Consumatopia 10.27.13 at 3:52 am

If you’re for keeping more secrets from the people, you are not a democrat. Before the people can give you legitimacy, they have to know what they’re giving it to. Voters who insist on expansive, secret security states are voting for authoritarianism. It wouldn’t be the first time voters have voted against democracy.

By weakening cryptography standards, the NSA has put the security of American communications at risk and betrayed part of their mission. So even under the bizarre anti-logic in which authoritarianism can have democratic legitimacy, the NSA has lost it.

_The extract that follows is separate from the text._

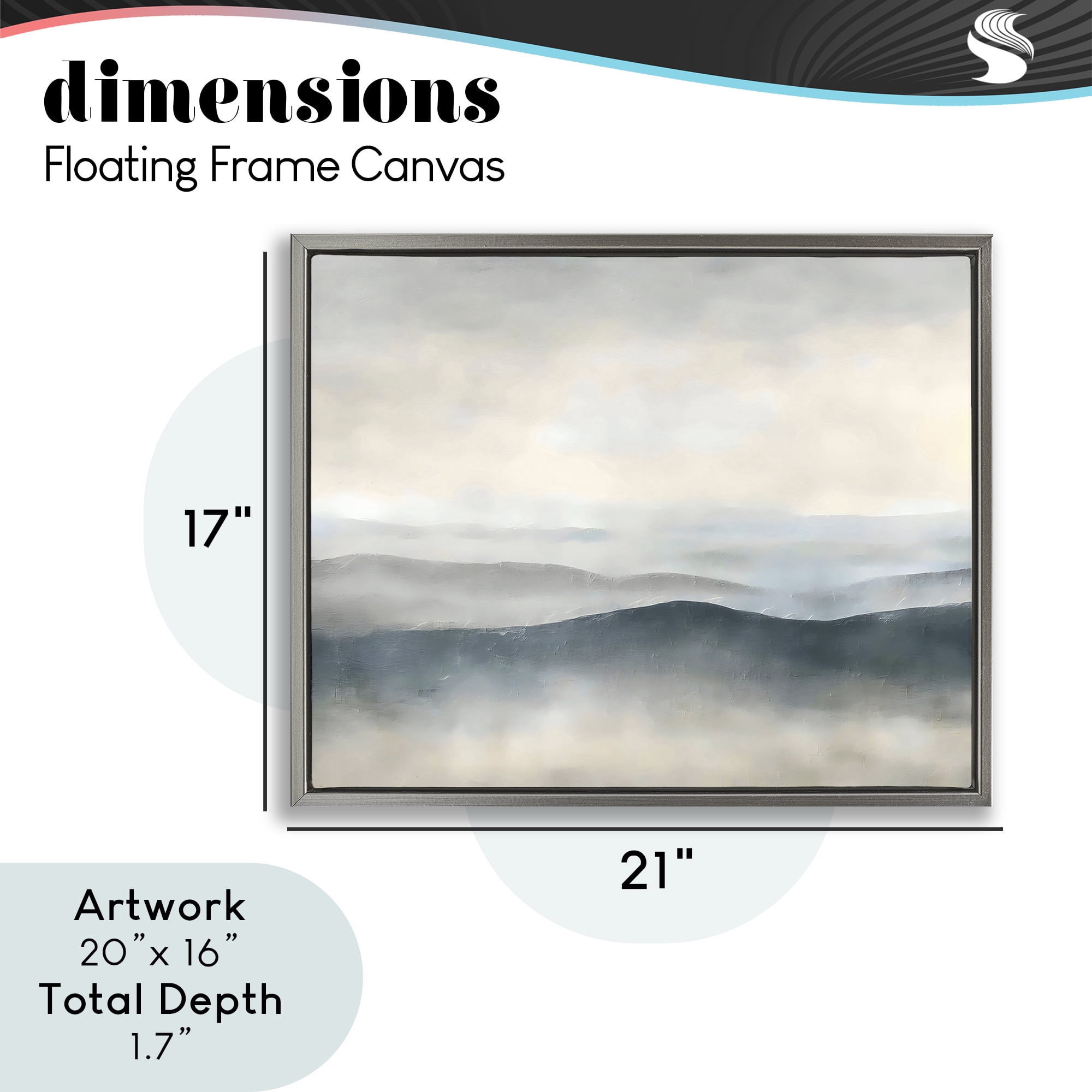 Stupell Industries Muted Horizon Serenity Gray Framed Floater Canvas Wall Art, design by Riley B
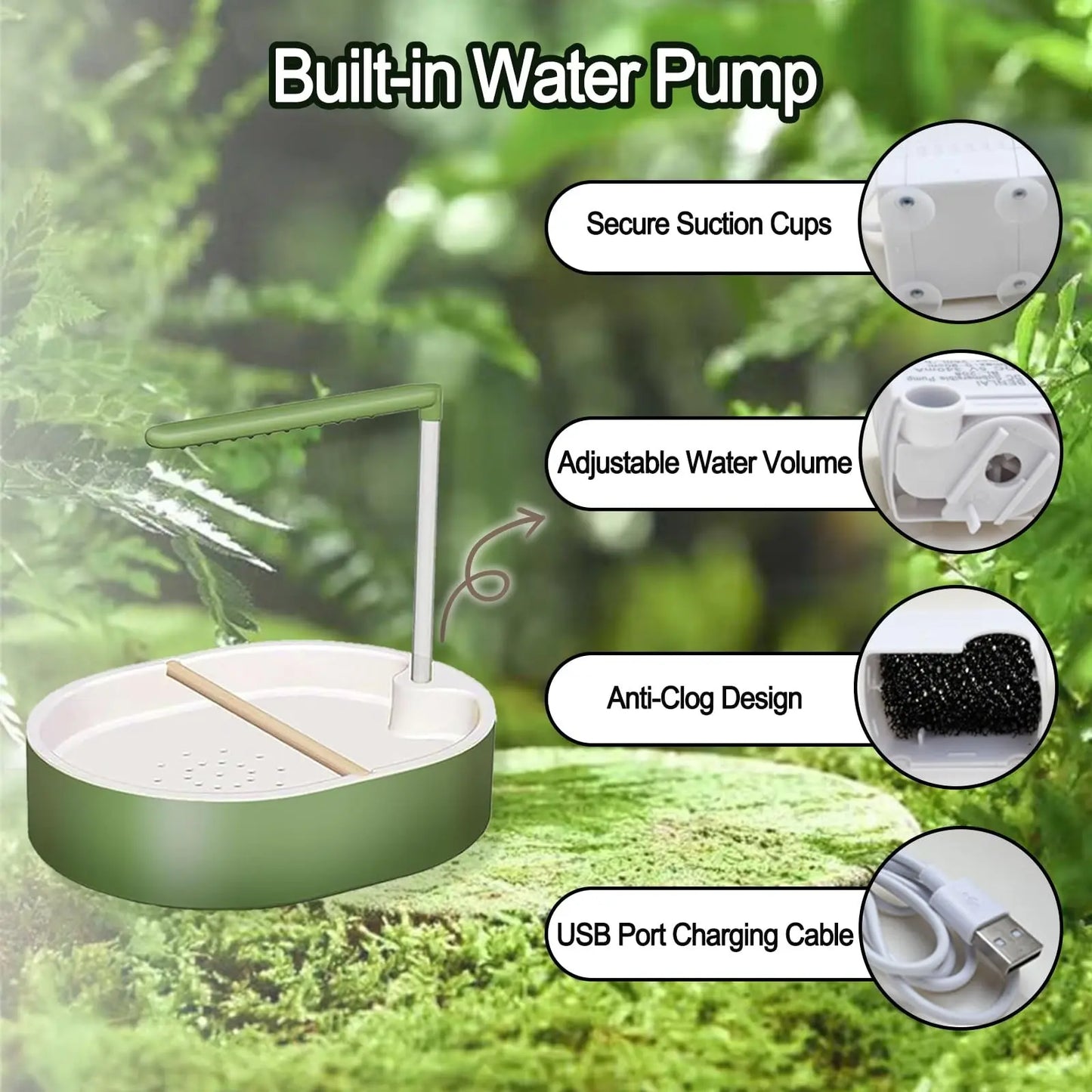 Automatic Parakeet Bird Bath with Pump - Large Bird Shower Fountain for Parakeets, Conures, and Other Pet Birds - Grooming Supplies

Finally, the U.S. is not the only democracy. Europeans and South Americans also have a right to know what kind of surveillance is going on in their country. From what I can see, it appears that European governments have been cooperating with the NSA in ways that the European public doesn’t find legitimate.

82

geo 10.27.13 at 5:19 am

Ned @75, 77: Yes, the NSA has “prima facie” legitimacy, but “prima facie” just means “at first sight, before closer inspection” (American Heritage Dictionary). We’re a long way past first sight now. The US government has squandered its credibility and democratic legitimacy in countless ways by now: by lying the country into war in Vietnam and Iraq; by heavy lying and censorship throughout both those wars; by enormous over-classification of documents; by selective and self-serving prosecution of whistle-blowers but not of government officials who anonymously leak classified information in support of government policies; by comprehensively denying information necessary for legally mandated oversight to Congress and the courts on “national security” grounds; and by specious rationalizations of torture, assassination, rendition, and indefinite detention without charges. Virtually no one outside the United States trusts or believes the US government, and a large proportion of the US population doesn’t either. Quite rightly, don’t you think?

And as for the “democratically elected” part, I hope you don’t mean to suggest that the badly compromised US electoral system provides a full and fair airing of issues, thus conferring presumptive legitimacy on any policy the winning party (which has almost been elected by less than half of those eligible to vote) chooses to adopt afterward?

83

geo 10.27.13 at 5:21 am

Last sentence: “almost certainly been elected by less than half.” Sorry.

84

Mao Cheng Ji 10.27.13 at 9:16 am

As one famous linguist said: “I think it only makes sense to seek out and identify structures of authority, hierarchy, and domination in every aspect of life, and to challenge them; unless a justification for them can be given, they are illegitimate, and should be dismantled, to increase the scope of human freedom.”

I’m afraid, though, the justification in this case is probably classified…

85

novakant 10.27.13 at 10:57 am

86

Guido Nius 10.27.13 at 11:06 am

@85: first evidence Obama has been president for much longer than his official term!

More serious, I was ambivalent about Snowden at first but I stand corrected. He is trying to do the right thing in the right way. I think there can be justification for eavesdropping, the problem clearly is that the eavesdroppers believe they are beyond the need to justify themselves. Somebody needs to get fired.

87

djr 10.27.13 at 1:16 pm

par4 @ 79:

The U.K. is a republic? When did this happen? What does the “K” stand for now?

88

ZM 10.27.13 at 2:40 pm

@87 In terms of an OP on contradictions/hypocrisy in government, contemporary monarchies are interesting. I think I remember a recentish post on the Dutch (?) monarch’s speech (on dismantling aspects of the welfare state I think?) and discussion in the comments as to the subject position from which such a speech would be made.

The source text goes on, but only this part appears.